There is an old saying, “In order to know where you’re going, you need to know where you came from.” When it comes to  the future of irrigation, it is important to know a bit of history in order to establish where we are today, to see where we’re  heading.

One of the components of an irrigation system that has seen a major evolution in a very short period of time is the  controller. What first started out as not much more than a clock with a timer has evolved into one of the fastest growing high-tech niches of the irrigation industry in the 21st century.

Where it all started

Prior to World War II, most controllers were built for large commercial landscapes, estates, and agriculture. These controllers used an electric clock and a system of hydraulics that sent water pressure through indexing pipes that would open and close the valves.

“The hydraulic system was the only type of irrigation controller available then, and it wasn’t designed for smaller residential properties,” said Glenn Bowlin of the Irrigation Association’s Irrigation Museum. “Then, in 1950, the Moody Sprinkler Company in Los Angeles, California, developed what is considered to be the first hydraulic irrigation controller for home use. It was simply a clock with metal stops inserted into holes in a dial. It wasn’t fancy, but it did the job.”
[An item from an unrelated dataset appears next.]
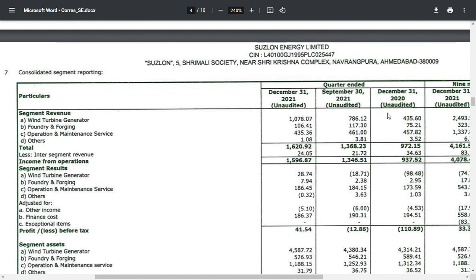For the first time, the wind turbine business and the operation and maintenance segment are both working. The company is working in operational maintenance — what is the main thing about this? The profit is 173 crores. The profit is 173 crores against revenue of 435 crores. Revenue decreased but the profit increased.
At first, these controllers were only installed on large estates, but with increasing demand and falling prices, it wasn’t long before a different type of controller came onto the scene using electricity, a clock and a set of wheels and dials.

This increased demand was precipitated by the end of World War II, when families began purchasing homes and moving to the suburbs, and planting flowers, trees and lawns, which needed to be watered. Above-ground sprinkler devices were replaced by more modern underground irrigation systems. These systems ended at the valve, and homeowners had to use a steel key to turn their sprinklers on and off manually.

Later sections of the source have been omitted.